At first, Minaj seemed to favor a “when they go low, we go high” approach. Unfortunately, no one told her that taking the high road also applies to social media. While Minaj may have been trying to send the message that she was above Remy’s below-the-belt attacks, nothing says “I am not above these below the belt attacks” quite like writing and then deleting multiple social media posts. When Trey Songz appeared to be laughing off Remy’s accusations on Twitter, writing, “wake up to new comedy everyday,” Minaj wasted no time attacking her former collaborator. “Lol. Wut u SHOULD b saying is that it’s not true, searing as it’s not,” she insisted in a series of now-deleted tweets, adding, “I done gotchu 6 million plaques.” She also attempted to pull Beyoncé into her mess, sharing and then quickly deleting an Instagram of Bey calling her the rap queen. While we all wish Beyoncé could fight our battles for us, even Bey can’t save you from yourself.

After briefly falling victim to her own worst instincts, Minaj really did start to rise above it, making a number of flashy appearances at Paris Fashion Week and releasing a new app. Of course, Minaj was never going to be able to reclaim her throne with some high fashion pasties and in-app purchase money. Nearly two weeks after the “ShETHER” drop, Nicki finally got around to a real response. To be fair, it was actually three tracks—“No Frauds,” “Regret In Your Tears,” and “Changed It.” For her triumphant return, Minaj teamed up with her Young Money crew of Drake and Lil Wayne, because when three of the biggest names in hip-hop collaborate, fans listen up. “No Frauds” immediately jumped to the No. 1 slot on iTunes, making good on the taunt Minaj included in an Instagram caption: “Here at Young Money, we don’t do diss records, we drop HIT RECORDS & diss u ON them.” In round one of Remy Ma vs. Nicki Minaj, Nicki’s popularity and profits will always give her a leg up. At the end of the day, Minaj is a bigger star than Remy, and when she releases new music, she instantaneously charts. Meanwhile, Remy is cashing VH1 checks.

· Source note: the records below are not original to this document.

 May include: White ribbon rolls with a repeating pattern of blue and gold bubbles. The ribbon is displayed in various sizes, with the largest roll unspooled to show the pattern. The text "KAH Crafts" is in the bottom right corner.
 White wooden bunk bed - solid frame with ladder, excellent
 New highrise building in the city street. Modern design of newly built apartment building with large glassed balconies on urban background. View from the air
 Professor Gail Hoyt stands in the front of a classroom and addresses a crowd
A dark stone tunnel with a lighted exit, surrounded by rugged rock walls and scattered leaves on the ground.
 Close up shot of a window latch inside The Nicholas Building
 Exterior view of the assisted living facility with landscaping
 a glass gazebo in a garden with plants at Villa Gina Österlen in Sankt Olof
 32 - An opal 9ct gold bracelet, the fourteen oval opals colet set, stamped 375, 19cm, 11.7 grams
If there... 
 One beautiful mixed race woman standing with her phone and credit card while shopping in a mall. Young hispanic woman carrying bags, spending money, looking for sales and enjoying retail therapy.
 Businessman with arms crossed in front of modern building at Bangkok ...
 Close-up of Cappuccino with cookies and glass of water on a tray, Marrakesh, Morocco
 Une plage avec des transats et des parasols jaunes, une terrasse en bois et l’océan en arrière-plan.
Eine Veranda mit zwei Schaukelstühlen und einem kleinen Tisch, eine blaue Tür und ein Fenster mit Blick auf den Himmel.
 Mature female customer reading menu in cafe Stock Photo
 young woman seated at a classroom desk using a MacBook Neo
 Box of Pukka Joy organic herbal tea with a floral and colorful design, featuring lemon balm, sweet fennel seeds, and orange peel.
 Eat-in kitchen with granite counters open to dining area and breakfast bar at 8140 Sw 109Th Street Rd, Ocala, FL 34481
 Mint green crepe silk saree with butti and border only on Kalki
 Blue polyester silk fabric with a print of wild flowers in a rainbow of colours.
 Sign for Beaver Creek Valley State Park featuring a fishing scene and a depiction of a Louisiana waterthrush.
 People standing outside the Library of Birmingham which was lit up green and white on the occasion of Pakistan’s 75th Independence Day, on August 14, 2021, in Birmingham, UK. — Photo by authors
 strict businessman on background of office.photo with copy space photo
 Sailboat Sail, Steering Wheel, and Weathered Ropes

Of course, Remy knows that Nicki has a bigger following—she’s just questioning if she has the authenticity and the talent to keep her throne. So “No Frauds,” which disses Remy but hardly obliterates her, isn’t the comeback Nicki needed to end this feud once and for all. In fact, by leaning on Drake and Wayne after Remy accused her of riding the two rappers’, um, coattails, Nicki is actually playing into Remy’s narrative. At the same time, Nicki is way too big a star to come for Remy like she came for her; airing out all that dirty laundry would be a bad look—derivative at best, and needlessly cruel at worst. Pressed to defend her reputation but way too famous to be dragging other rappers for complete filth, Minaj is stuck in her petty version of the high road.

Minaj more or less copped to her own limitations in a recent Instagram hyping the new tracks, writing, “The greats took 3 months to respond to diss records. Queens don’t move on peasant time. Queens shut down Paris, then drop hits on #QueenTime…Next week I’ll beat Aretha for the most Hot 100 hits on billboard by ANY woman in the world EVER in the history of music. Stay in your bum ass place. Jealousy gets u nowhere.” Minaj also offered half a million dollars to Remy “if u can book ANY show or interview w/o mentioning the Queen name.” Remy is undoubtedly using her Minaj diss track to rehab her own image, but that doesn’t mean she’s not a real threat. Nicki might have the hits, but Remy has the bars to bury her.